Do a quick survey, just look around and ask your friends and colleagues if they know who Kamaladevi Chattopadhyay is. I can guarantee their answer, it would be a no. Then go ahead and tell them about this revolutionary woman and check out their reaction. This is how it’ll play out – oh okay. Shrug shoulders. Move on. And that is where this would end. But today, take a moment to brush up on your history. And if you’re the one who looks at Priyanka Chopra and Oprah Winfrey as feminist role models, please read on to know the origins of this fight.
Today, on the 115th birthday anniversary of Kamaladevi Chattopadhyay, Google chose to do a beautiful doodle honouring her contributions in the fields of regional music, handicrafts, dance and more.
For the ill-informed, Kamaladevi Chattopadhyay was amongst the top leaders who took on the British in the struggle for India’s independence. Not just that, she was a pioneer feminist and socialist who also wrote some stellar pieces on her experiences touring the US to gain support to overthrow the British colonialism. And she even took it upon herself to revive Indian crafts and arts and bring them to the forefront. Seems like a lot for one woman, doesn’t it? Well, what can we say? She was all that and much more!

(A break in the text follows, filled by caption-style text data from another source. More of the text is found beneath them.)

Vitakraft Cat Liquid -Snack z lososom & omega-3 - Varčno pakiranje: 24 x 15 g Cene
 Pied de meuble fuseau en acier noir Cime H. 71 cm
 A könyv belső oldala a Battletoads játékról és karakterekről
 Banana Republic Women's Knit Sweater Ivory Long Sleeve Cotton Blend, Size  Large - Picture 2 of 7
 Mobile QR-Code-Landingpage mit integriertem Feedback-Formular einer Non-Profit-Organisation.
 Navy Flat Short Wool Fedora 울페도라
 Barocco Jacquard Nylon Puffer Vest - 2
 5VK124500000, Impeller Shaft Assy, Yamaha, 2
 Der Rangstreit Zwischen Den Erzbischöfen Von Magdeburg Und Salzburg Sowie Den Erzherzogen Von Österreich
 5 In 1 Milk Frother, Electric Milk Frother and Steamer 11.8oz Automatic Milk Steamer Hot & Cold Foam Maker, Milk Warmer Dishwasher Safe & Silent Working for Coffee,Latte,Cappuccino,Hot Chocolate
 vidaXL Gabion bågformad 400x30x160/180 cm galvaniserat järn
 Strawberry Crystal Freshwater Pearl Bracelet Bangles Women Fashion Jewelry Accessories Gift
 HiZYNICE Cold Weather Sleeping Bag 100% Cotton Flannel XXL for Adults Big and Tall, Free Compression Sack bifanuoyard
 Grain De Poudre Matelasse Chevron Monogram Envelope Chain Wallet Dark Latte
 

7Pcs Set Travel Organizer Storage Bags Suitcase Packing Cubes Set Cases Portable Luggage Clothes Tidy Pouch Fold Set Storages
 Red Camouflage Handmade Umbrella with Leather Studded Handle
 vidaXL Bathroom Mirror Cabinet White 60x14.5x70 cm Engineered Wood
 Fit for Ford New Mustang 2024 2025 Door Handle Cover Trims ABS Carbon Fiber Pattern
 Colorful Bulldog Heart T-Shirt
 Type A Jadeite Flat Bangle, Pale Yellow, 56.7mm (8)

Married at the age of 14 and widowed soon after, she faced difficulties very early on in her life and that was the reason the seeds of equality and empowerment of women took form in her mind. Her conversations with prominent freedom fighters also instilled a sense of patriotism in her. After choosing to marry again despite much societal opposition, she found a new sense of interest in Indian handicrafts and other art forms, an interest she shared with her husband.
One of the most iconic images of Kamaladevi is of holding and protecting the national flag in a scuffle between satyagrahis and authorities during the Salt Satyagrah.
Now while you rattle off some celebrity’s names (who are worthy in their own right), it will do you good to add Kamaladevi to the list of feminists and women pioneers that you are inspired by. It’s the least we can do to honour the legacy of this multifaceted woman who has made a lasting impact on Indian arts, crafts, handloom and textiles, and so much more.